The user detail page can show Disconnect Session when a user has an active or recent session. When you disconnect a user, Altostrat:
  1. Finds the user.
  2. Looks up the user’s most recent NAS log.
  3. Resolves the NAS device and its CoA/PoD reply settings.
  4. Builds a Disconnect-Request using available session attributes such as User-Name, NAS-IP-Address, and Acct-Session-Id.
  5. Sends the request to the NAS using the configured NAS IP, port, and secret.
  6. Writes the disconnect attempt to NAS logs.
If recent session attributes are missing, the disconnect request may fail even when CoA and PoD are enabled.

CoA Versus PoD

ControlRADIUS packetWhat you use it for
Packet of DisconnectDisconnect-RequestTerminate a user’s active session so the NAS forces the client off or requires a new login.
Change of AuthorizationCoA-RequestAsk the NAS to change authorization for an active session, such as applying a different role, filter, or rate limit when the NAS supports it.
The NAS answers dynamic authorization requests with an acknowledgement or a negative acknowledgement. Use the NAS dashboard, user dashboard, and device-side logs together when you need to tell whether the packet was sent, accepted, rejected, or ignored by the device.

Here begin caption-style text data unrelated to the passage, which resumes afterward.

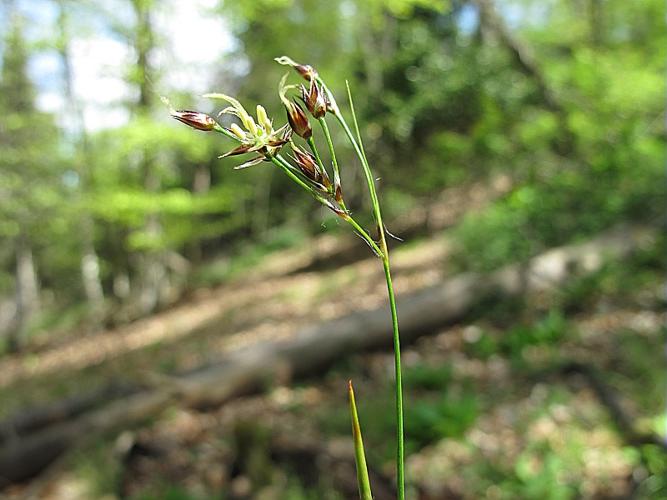 Luzula forsteri (Sm.) DC. © BILLARD Gilbert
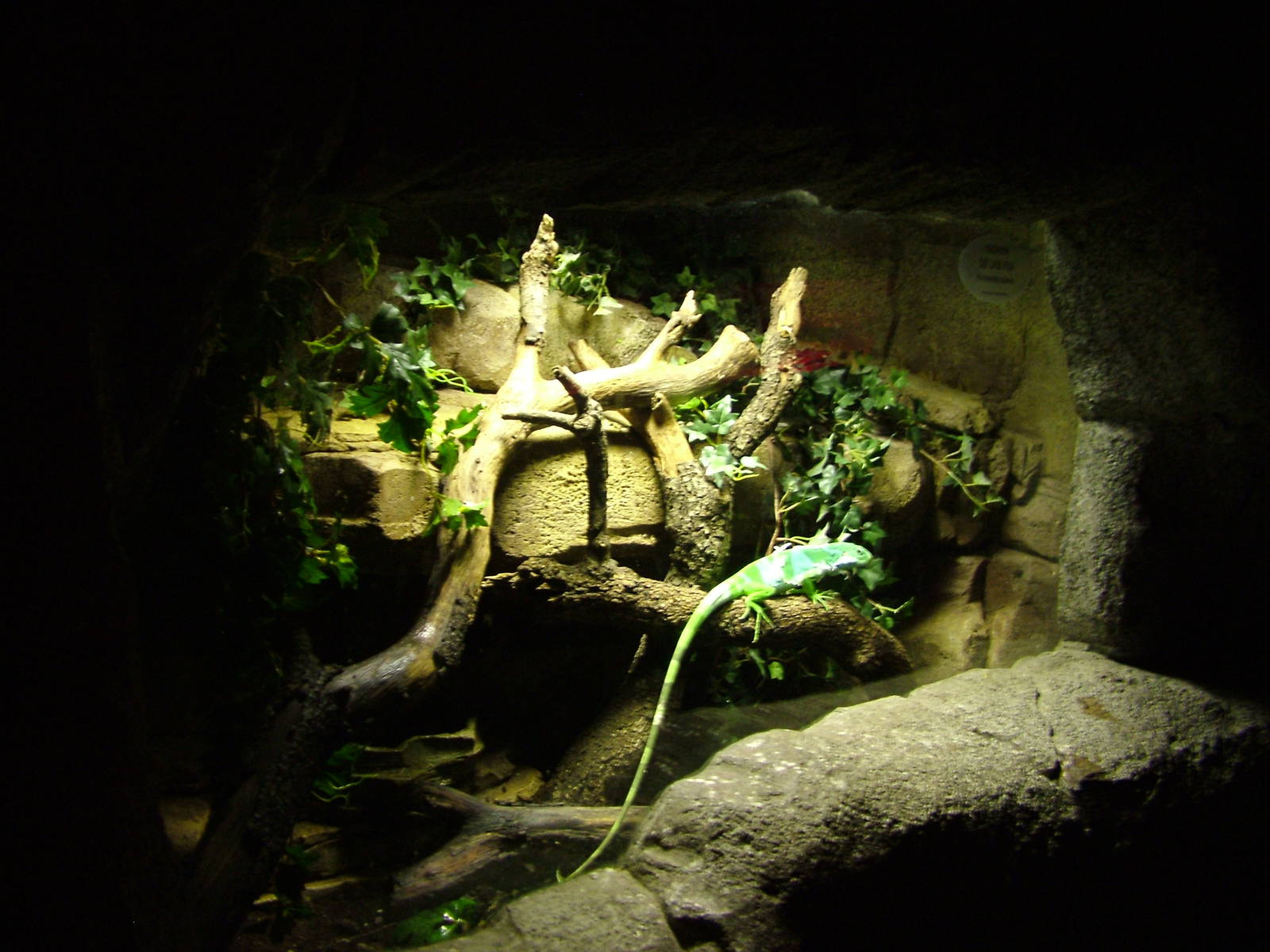 Fijian Banded Iguana Exhibit at Faunia, 27/05/11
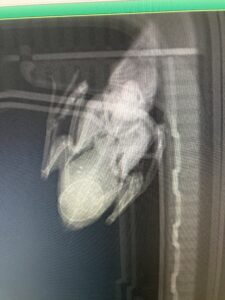 インコのレントゲン画像
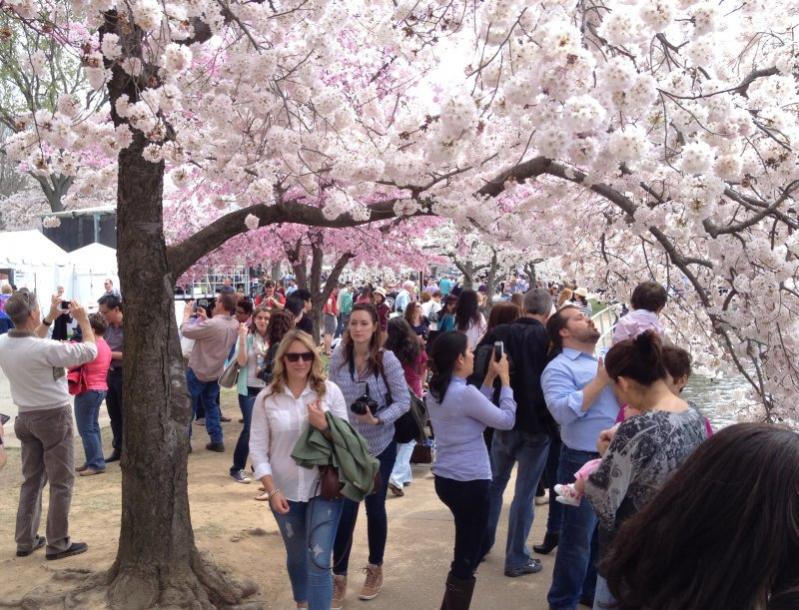 Name:  cherry crowd.jpg
Views: 885
Size:  108.5 KB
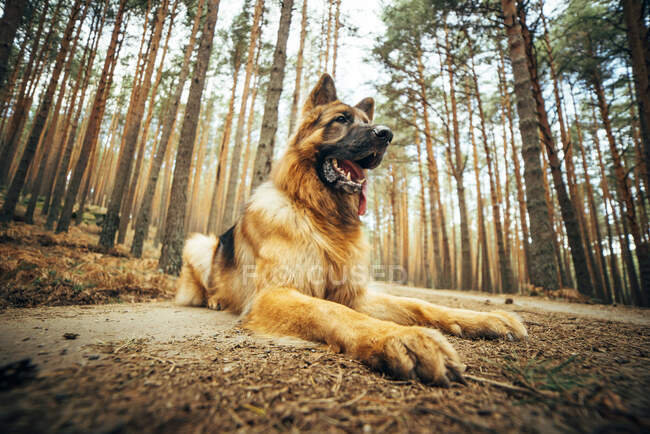 Знизу красива домашня собака сидить на сільській дорозі між хвойними деревами в лісі — стокове фото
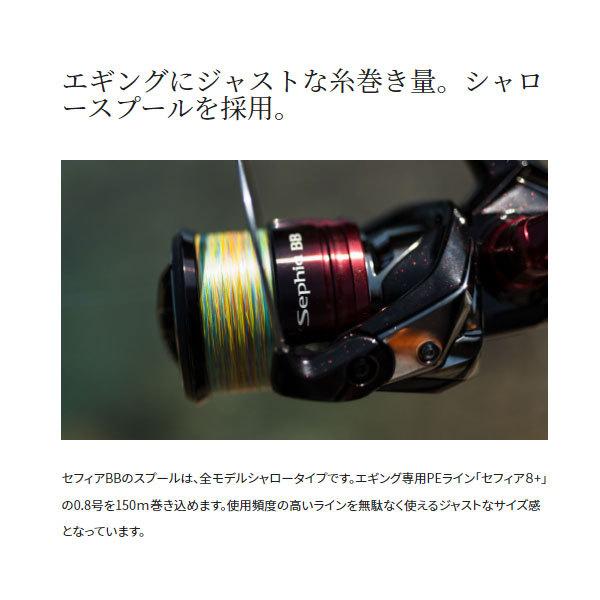 ティップエギングセット セフィアBB S66M-S セフィアBB C3000S DHHG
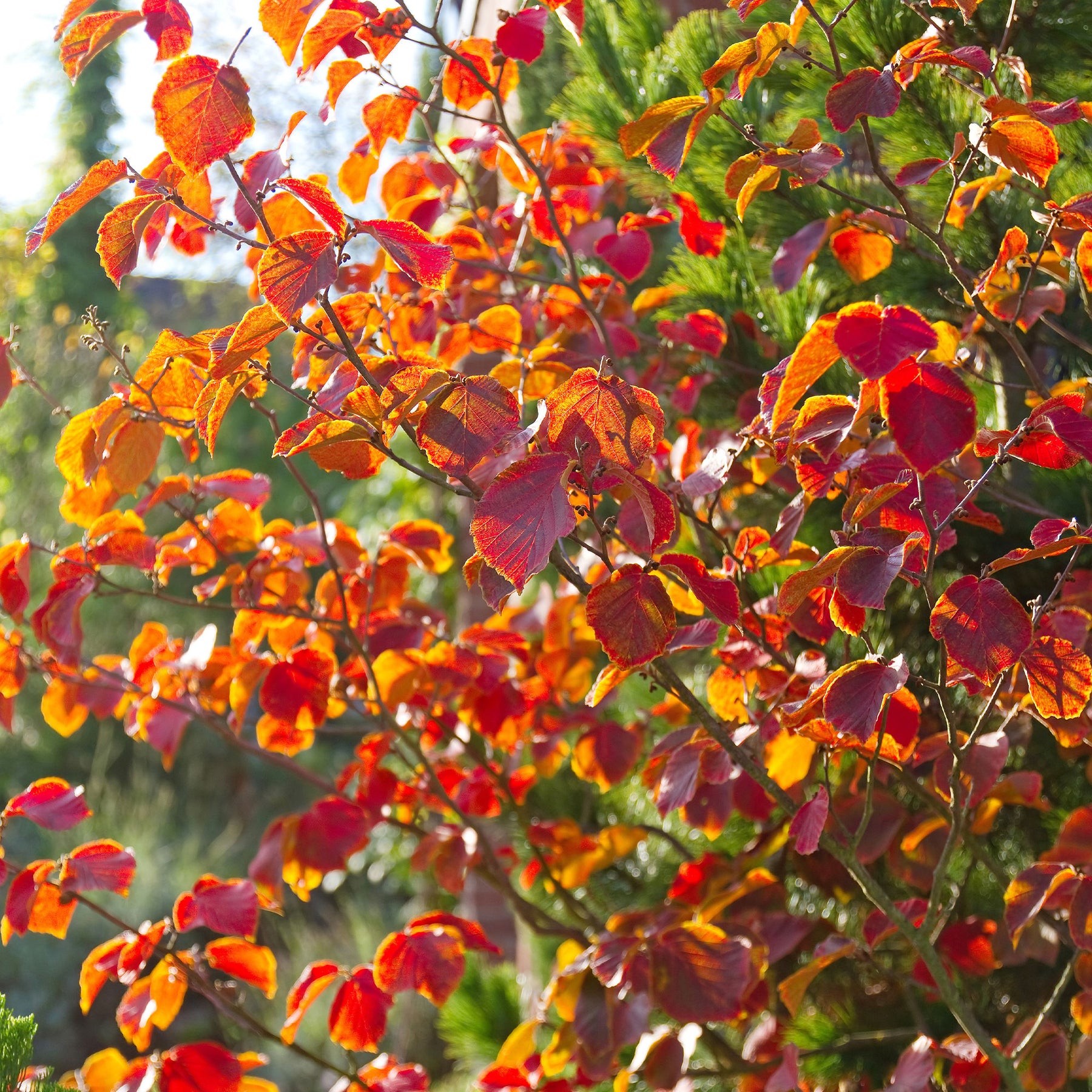 Vente Hamamélis de Chine - Hamamelis mollis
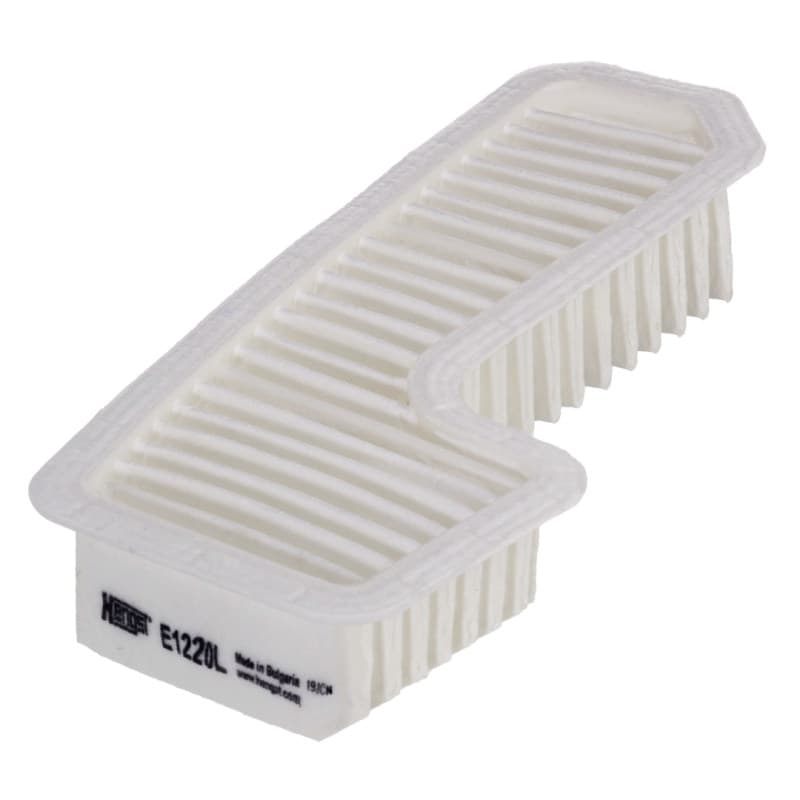 HENGSTFILTER oro filtras E1220L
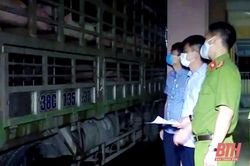 Bắt xe chở lợn nhiễm bệnh tả lợn Châu Phi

Quota-Triggered Disconnects

When quota attributes are configured on groups, the quota worker checks usage against accounting data. If a user crosses the effective quota, Altostrat can dispatch a disconnect job for that user. Top-ups increase the user’s effective allowance. If a top-up brings the user back within allowance, the quota marker is recalculated. Use quota-triggered disconnects only when:
  • Accounting is reliable.
  • The NAS sends interim updates often enough for your enforcement window.
  • CoA and PoD settings are configured on the NAS.
  • Operators understand how top-ups affect the allowance.
If the user has multiple quota-enabled groups, the lowest group quota is the effective quota. Top-ups add allowance on top of that effective quota and recalculate whether the user is still exceeded.

Monitoring Dynamic Authorization

Dynamic authorization activity appears in logs and metrics as admin request activity. Where packet details are available, the platform records Disconnect and CoA request type, username, workspace, organization, and NAS context. Use:
  • The NAS dashboard to review device-scoped logs.
  • The user dashboard to confirm the session state.
  • Live View to inspect nearby authentication and accounting events.

Troubleshooting

If manual disconnect or quota disconnect does not work:
  • Confirm the NAS IP address is reachable from the message source address.
  • Confirm the inbound port is open. The default is 3799.
  • Confirm the secret matches exactly.
  • Confirm accounting is sending Acct-Session-Id.
  • Confirm accounting Start, Stop, and Interim-Update packets are enabled if you rely on session and quota enforcement.
  • Confirm the user has a recent NAS log.
  • Confirm the NAS supports Disconnect-Request for the access technology in use.
  • Confirm the NAS supports CoA-Request before expecting an in-place authorization change.
  • Confirm the NAS firewall allows the source address shown in the UI.
CoA and PoD are live session controls. Test on one device and one user before enabling them broadly.